Bifurcation diagrams as a function of defense efficiency (b) are shown in Fig. 8a–d. A period doubling bifurcation route to chaos is observed for control parameter b in the range \(0.01\le b\le 0.05\). The coexisting equilibrium remains stable for \(b<0.024\). A simple Hopf bifurcation occurs at \(b=0.024\) and \(E^\star \) becomes unstable for \(b>0.024\). From Fig. 8d, we observe that system shows chaotic behavior when defense efficiency (b) is high. Interior equilibrium shows chaotic oscillations for \(b>0.027\). Thus higher value of defense efficiency of intermediate predator produces chaos in the system. We also observe that better defense has a strong negative effect on the density of prey. Prey population extinct when defense efficiency of intermediate predator is very high (see Fig. 8a). Biologically, this result shows that better group defense decreases the predation rate of top predator, and as resultant intermediate predator grows rapidly. Thus, increased population of intermediate predator consumes more prey, which may be a reason for the extinction of prey species.

In Fig. 10, a period halving cascade is observed as the function of harvesting rate qE of intermediate predator, in the range \(0.03\le qE \le 0.1\). Predator–prey system around the positive equilibrium is unstable for \(qE <0. 065\). The stabilizing effect of harvesting rate is observed on the dynamics of the system. The interior equilibrium becomes stable for \(qE>0.065\) and a subcritical Hopf bifurcation is observed at \(qE=0. 065\). These bifurcation diagrams also show that qE has a negative effect on the population density of both intermediate and top predator (see. Fig. 10a, b). The population density of both the predators rapidly decreases as harvesting rate increases.

We observe that a period doubling cascade route to chaos is generated for the control parameter \( (K_ {2}) \). Accumulating values of carrying capacity \( (K_ {2}) \) of intermediate predator destabilize the interior equilibrium and chaotic oscillation arises. Interior equilibrium exhibits a variety of attractors including stable, periodic and chaotic attractor for carrying capacity of intermediate predator. The coexisting equilibrium is locally stable for \(K_2<29.7\). A sudden destruction of stable equilibrium is observed at \(K_2=29.7\) (see Fig. 9). A period halving cascade is shown Fig. 11 for control parameter \(r_ {2} \). For \(r_ {2}=1.0\), the interior equilibrium is unstable and as \(r_ {2} \) crosses its critical value \(r_ {2} =1.0\), a simple bifurcation occurs and interior equilibrium becomes stable. We observe that the population of top predator increases as the growth rate of intermediate predator increases.

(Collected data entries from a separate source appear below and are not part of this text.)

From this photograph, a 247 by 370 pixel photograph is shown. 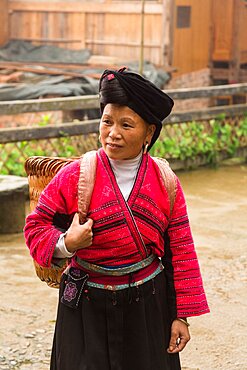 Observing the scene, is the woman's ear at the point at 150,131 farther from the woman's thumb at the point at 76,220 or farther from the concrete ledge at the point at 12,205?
the concrete ledge at the point at 12,205

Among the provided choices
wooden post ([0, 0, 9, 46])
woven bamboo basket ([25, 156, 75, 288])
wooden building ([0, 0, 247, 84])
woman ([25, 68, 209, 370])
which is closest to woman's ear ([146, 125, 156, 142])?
woman ([25, 68, 209, 370])

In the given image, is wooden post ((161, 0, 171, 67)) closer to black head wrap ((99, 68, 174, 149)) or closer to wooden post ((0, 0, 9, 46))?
wooden post ((0, 0, 9, 46))

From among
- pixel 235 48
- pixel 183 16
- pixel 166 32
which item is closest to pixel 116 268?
pixel 166 32

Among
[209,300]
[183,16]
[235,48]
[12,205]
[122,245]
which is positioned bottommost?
[209,300]

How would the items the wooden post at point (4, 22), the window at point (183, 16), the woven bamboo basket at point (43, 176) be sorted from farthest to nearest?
the wooden post at point (4, 22), the window at point (183, 16), the woven bamboo basket at point (43, 176)

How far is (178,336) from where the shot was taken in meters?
3.32

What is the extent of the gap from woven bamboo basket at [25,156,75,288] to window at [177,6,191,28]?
39.4 ft

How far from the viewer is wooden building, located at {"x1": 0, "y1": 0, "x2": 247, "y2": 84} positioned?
52.2 feet

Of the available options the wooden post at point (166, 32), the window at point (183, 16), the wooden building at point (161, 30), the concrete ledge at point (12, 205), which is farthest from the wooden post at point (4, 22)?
the concrete ledge at point (12, 205)

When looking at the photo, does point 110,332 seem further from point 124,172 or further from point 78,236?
point 124,172

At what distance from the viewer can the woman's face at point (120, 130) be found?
3.13 meters

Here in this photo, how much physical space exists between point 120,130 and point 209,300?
2996 millimetres

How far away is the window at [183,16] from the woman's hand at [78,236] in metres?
13.1

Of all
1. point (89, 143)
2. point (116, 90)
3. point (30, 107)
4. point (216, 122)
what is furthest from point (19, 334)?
point (216, 122)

We conclude that group defense plays a key role in the dynamics of prey–predator system. Better group defense (i.e. high defense efficiency) can destabilize tri-trophic food chain models and is also able to produce chaos in predator–prey system. The main outcome of this study reveals that prey species suffers with abolition due to increased defense ability of middle predator which is not studied earlier. In recent work by Raw et al. [30], authors considered group defense in first two population of three species food chain model and they observed extinction of top predator due to group defense. But in the present study, we assume only group defense in generalist type middle predator and observed that extinction of prey species is possible due to group defense of middle predator. This study also reveals that unlimited growth of middle predator at one or more trophic levels with huge consumption of resources by its consumers, leads to system irregularity, which in turn, demonstrates chaos for a wide range of parameter values. Finally, this study concludes that parameters such as the growth of intermediate predator and harvesting can disrupt the destabilization effect of the parameters on the stability of the predator–prey systems.